The team had also suggested constituting a high level committee under a secretary rank officer to address the grievances of the convicts, to relax their solitary confinement to the extent possible, ensure proper food, clothing, water as well as access to magazines and newspapers and also to ensure that the prisoners are not forced to raise religious slogans.

Madhuri Krishnaswamy pointed out that the NHRC’s recommendations are striving to give basic rights to these convicts. “The state seems to be reluctant to act on them as it has been nearly three years since the report first came in. We met the concerned authorities and urged them to comply with these recommendations.”

According to Haidar Hussain Nagori, the elder brother of Safdar Nagori who is one of the 28 prisoners, jail staffers frisk the 28 several times in the night. “The staffers tell them, including my brother that you have to chant ‘Jai Shree Ram’ if you want food. My brother is well-qualified but he has not been given any books or newspapers to read. The jail staffers tell him that you are the general secretary of SIMI and all of this has happened because of you.”

According to Sirajuddin Nagori, the brother of Kamaruddin Nagori, all the 28 accused are kept in solitary confinement. “They are let out only for an hour in a day and he (Kamaruddin) has lost 14 kg in the past 45 days. The meeting time is 20 minutes according to the jail manual, but we are not given more than 10 minutes.”

According to Arshad Khan, whose 29-year old brother Farhad Khan’s is also an alleged SIMI operative, during winters, the 28 prisoners were not given any warm clothes. “The jacket we tried to send to him was never handed over to him.
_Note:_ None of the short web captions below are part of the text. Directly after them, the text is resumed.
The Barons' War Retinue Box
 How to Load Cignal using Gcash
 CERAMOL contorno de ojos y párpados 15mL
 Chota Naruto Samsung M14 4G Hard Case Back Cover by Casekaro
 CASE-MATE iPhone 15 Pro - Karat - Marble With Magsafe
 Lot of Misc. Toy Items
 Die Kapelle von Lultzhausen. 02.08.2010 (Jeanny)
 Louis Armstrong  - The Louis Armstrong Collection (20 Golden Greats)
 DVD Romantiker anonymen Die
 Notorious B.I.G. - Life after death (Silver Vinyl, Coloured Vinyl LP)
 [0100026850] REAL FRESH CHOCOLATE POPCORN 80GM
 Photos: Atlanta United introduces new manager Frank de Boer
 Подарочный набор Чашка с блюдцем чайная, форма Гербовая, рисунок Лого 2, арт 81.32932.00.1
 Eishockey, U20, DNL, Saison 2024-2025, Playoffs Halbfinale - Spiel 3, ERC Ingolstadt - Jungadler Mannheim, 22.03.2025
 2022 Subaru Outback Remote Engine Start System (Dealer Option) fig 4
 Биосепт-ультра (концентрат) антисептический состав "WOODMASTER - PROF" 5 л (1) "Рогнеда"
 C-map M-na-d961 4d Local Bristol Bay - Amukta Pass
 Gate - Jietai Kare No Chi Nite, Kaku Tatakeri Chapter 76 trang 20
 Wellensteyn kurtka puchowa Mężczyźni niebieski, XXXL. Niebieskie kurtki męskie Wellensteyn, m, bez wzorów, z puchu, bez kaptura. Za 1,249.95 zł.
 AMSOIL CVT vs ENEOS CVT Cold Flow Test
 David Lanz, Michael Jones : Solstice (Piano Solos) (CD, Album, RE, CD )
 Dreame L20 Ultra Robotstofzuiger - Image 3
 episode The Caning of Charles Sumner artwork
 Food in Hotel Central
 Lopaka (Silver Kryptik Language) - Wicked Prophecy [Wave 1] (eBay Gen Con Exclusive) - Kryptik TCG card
He was not being treated properly after he suffered from piles and the Holy Quran was frisked and checked twice a day and disrespected and thrown around during the process,” said Arshad.

He alleged that jail authorities tried to adopt ways to communally incite the prisoners, who are subsequently beaten up.

The commission sent the report to the state government, seeking its response. The reply by the state government however, was rejected after it was prepared by Bhopal Central Jail’s SP, wherein he denied all the allegations.

The NHRC had asked the state government to probe the serious allegations of torture and asked the Chief Secretary to submit an appropriate response.

In a later complaint by the Jamia teachers Solidarity Association to NHRC, following the spot inquiry, the association alleged that after the NHRC team’s visit, the alleged torture on the 21 prisoners not only continued but was also increased.

The DIG (Jails) had said in a response to the NHRC in February 2021 that the inmates were illegally demanding various facilities — uninterrupted movement in the jail campus, collective reading of namaz, individual newspapers, among other demands — and seven inmates were on a hunger strike since September 2020 for these demands.

It was in its response to the DIG that the NHRC pointed out that the state government had remained silent on the investigating team’s recommendations and asked Chief Secretary Bains to respond in the next six weeks.